Chapter 1 Data Structures

Graph

A graph is a data structure for representing connections among items, and consists of vertices connected by edges. A vertex represents an item in a graph. An edge represents a connection between two vertices in a graph.

Hash table

A hash table is a data structure that stores unordered items by mapping (or hashing) each item to a location in an array.

linked lists

A linked list is a data structure that stores an ordered list of items in nodes, where each node stores data and has a pointer to the next node.

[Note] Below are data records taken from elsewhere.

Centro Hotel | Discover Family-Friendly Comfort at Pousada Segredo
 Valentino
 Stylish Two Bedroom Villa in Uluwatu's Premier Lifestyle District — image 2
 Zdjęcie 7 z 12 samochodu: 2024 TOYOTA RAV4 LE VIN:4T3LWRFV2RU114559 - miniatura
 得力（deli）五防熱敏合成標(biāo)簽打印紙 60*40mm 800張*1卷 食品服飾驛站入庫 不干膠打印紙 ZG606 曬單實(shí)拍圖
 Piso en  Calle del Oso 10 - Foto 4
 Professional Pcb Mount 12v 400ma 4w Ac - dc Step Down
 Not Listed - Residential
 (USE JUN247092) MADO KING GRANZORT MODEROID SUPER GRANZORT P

Abstract data types (ADTs)

An abstract data type (ADT) is a data type described by predefined user operations, such as "insert data at rear," without indicating how each operation is implemented. An ADT can be implemented using different underlying data structures. However, a programmer need not have knowledge of the underlying implementation to use an ADT. Ex: A list is a common ADT for holding ordered data, having operations like append a data item, remove a data item, search whether a data item exists, and print the list. A list ADT is commonly implemented using arrays or linked list data structures.

Algorithms

An algorithm describes a sequence of steps to solve a computational problem or perform a calculation. An algorithm can be described in English, pseudocode, a programming language, hardware, etc. A computational problem specifies an input, a question about the input that can be answered using a computer, and the desired output.

Algorithm efficiency

An algorithm describes the method to solve a computational problem. Programmers and computer scientists should use or write efficient algorithms. Algorithm efficiency is typically measured by the algorithm's computational complexity. Computational complexity is the amount of resources used by the algorithm. The most common resources considered are the runtime and memory usage.

Runtime complexity

An algorithm's runtime complexity is a function, T(N), that represents the number of constant time operations performed by the algorithm on an input of size N. Runtime complexity is discussed in more detail elsewhere. Because an algorithm's runtime may vary significantly based on the input data, a common approach is to identify best and worst case scenarios. An algorithm's best case is the scenario where the algorithm does the minimum possible number of operations. An algorithm's worst case is the scenario where the algorithm does the maximum possible number of operations.

Array

An array is a data structure that stores an ordered list of items, where each item is directly accessible by a positional index.

Binary tree

A binary tree is a data structure in which each node stores data and has up to two children, known as a left child and a right child.

Data Structure

A data structure is a way of organizing, storing, and performing operations on data. Operations performed on a data structure include accessing or updating stored data, searching for specific data, inserting new data, and removing data. The following provides a list of basic data structures.

Heap

A max-heap is a tree that maintains the simple property that a node's key is greater than or equal to the node's childrens' keys. A min-heap is a tree that maintains the simple property that a node's key is less than or equal to the node's childrens' keys.

Record

A record is the data structure that stores subitems, often called fields, with a name associated with each subitem.

Space complexity

An algorithm's space complexity is a function, S(N), that represents the number of fixed-size memory units used by the algorithm for an input of size N. Ex: The space complexity of an algorithm that duplicates a list of numbers is S(N) = 2N + k, where k is a constant representing memory used for things like the loop counter and list pointers. Space complexity includes the input data and additional memory allocated by the algorithm. An algorithm's auxiliary space complexity is the space complexity not including the input data. Ex: An algorithm to find the maximum number in a list will have a space complexity of S(N) = N + k, but an auxiliary space complexity of S(N) = k, where k is a constant.

NP-complete (Algorithms)

NP-complete problems are a set of problems for which no known efficient algorithm exists. NP-complete problems have the following characteristics: No efficient algorithm has been found to solve an NP-complete problem. No one has proven that an efficient algorithm to solve an NP-complete problem is impossible. If an efficient algorithm exists for one NP-complete problem, then all NP-complete problem can be solved efficiently. By knowing a problem is NP-complete, instead of trying to find an efficient algorithm to solve the problem, a programmer can focus on finding an algorithm to efficiently find a good, but non-optimal, solution.